# oscars eat crickets?



## andygace (Jan 1, 2009)

A local store sells live crickets wondering if my oscar would like them?


----------



## theprodigy (Feb 23, 2009)

i have 2 green terrors and a 2 jaguars and a jack dempsey who all love crickets....just make sure they can fit in their mouths...the crickets legs usually get stuck if too big....they actually like the crickets better than feeders....easier prey i guess...


----------



## Tropicana (Feb 15, 2009)

I find that my Cichlids love to munch on crickets. lol oscars would definatly take to them.


----------



## andygace (Jan 1, 2009)

well he loves them bought some live crickets and some meal worms... fed quite a few... jack dempsey seemed interested but didn't take any?


----------



## theprodigy (Feb 23, 2009)

andygace said:


> well he loves them bought some live crickets and some meal worms... fed quite a few... jack dempsey seemed interested but didn't take any?


he will eventually, after watching his tankmates interest in them, he will prolly do the same...give him time....


----------



## andygace (Jan 1, 2009)

never going to buy crickets again... we now have one loose in the house!


----------



## XbrandonX (Nov 22, 2007)

andygace said:


> never going to buy crickets again... we now have one loose in the house!
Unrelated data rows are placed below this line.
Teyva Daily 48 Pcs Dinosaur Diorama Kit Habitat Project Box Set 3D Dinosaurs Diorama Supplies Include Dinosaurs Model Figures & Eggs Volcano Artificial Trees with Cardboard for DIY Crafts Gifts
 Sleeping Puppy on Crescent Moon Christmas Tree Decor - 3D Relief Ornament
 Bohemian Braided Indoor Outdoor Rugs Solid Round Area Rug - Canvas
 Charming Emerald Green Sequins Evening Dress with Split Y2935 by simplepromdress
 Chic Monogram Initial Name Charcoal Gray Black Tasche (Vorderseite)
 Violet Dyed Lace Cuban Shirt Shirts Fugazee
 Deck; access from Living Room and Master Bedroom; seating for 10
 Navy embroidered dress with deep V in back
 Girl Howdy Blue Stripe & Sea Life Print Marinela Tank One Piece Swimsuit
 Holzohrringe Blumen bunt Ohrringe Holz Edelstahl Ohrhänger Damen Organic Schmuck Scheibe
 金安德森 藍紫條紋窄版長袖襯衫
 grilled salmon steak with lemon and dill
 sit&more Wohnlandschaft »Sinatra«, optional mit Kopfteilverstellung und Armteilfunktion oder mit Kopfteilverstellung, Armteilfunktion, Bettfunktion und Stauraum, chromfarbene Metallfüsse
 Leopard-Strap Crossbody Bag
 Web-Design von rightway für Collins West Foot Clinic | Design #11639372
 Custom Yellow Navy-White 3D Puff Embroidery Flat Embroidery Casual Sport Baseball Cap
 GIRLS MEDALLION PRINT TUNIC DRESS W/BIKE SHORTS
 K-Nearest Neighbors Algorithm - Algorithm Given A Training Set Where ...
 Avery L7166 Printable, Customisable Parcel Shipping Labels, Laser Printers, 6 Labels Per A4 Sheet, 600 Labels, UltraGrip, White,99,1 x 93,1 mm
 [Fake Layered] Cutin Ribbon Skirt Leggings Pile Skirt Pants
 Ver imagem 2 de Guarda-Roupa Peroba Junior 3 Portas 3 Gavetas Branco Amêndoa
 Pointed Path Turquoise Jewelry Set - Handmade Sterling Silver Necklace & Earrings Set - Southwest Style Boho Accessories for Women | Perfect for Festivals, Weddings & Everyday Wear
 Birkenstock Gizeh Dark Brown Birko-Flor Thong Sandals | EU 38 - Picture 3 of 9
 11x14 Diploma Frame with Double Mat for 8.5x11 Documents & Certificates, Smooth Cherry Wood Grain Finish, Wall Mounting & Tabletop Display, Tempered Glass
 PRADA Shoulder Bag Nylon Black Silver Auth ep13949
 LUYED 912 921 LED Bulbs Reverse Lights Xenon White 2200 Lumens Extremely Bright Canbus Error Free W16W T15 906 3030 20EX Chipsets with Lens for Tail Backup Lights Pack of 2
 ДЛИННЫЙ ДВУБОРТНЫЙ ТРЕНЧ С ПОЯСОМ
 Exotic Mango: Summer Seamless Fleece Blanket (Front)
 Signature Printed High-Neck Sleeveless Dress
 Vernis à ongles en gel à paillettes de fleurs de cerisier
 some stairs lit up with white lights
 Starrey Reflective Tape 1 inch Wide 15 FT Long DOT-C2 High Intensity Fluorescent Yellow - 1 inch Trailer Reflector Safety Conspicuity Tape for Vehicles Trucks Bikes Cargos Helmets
lol.. my gf would KILL me.. too funny


----------



## FishyCracker (Feb 5, 2009)

Thats why I stay away from them lol and my daughter would probably make them a pet.


----------



## Tropicana (Feb 15, 2009)

lol thats funny.


----------



## theprodigy (Feb 23, 2009)

haha,

ive had that happen to me as well...
container tipped over and they came out of the holes...

my wife freaked out when she saw a few on the kitchen floor...

LMAO


----------



## JamesG (Feb 27, 2007)

andygace said:


> never going to buy crickets again... we now have one loose in the house!


The dreaded "live food escapes" scenario is the ONLY reason I have not purchased any poison dart frogs. I think the condo board would vote to remove me.


----------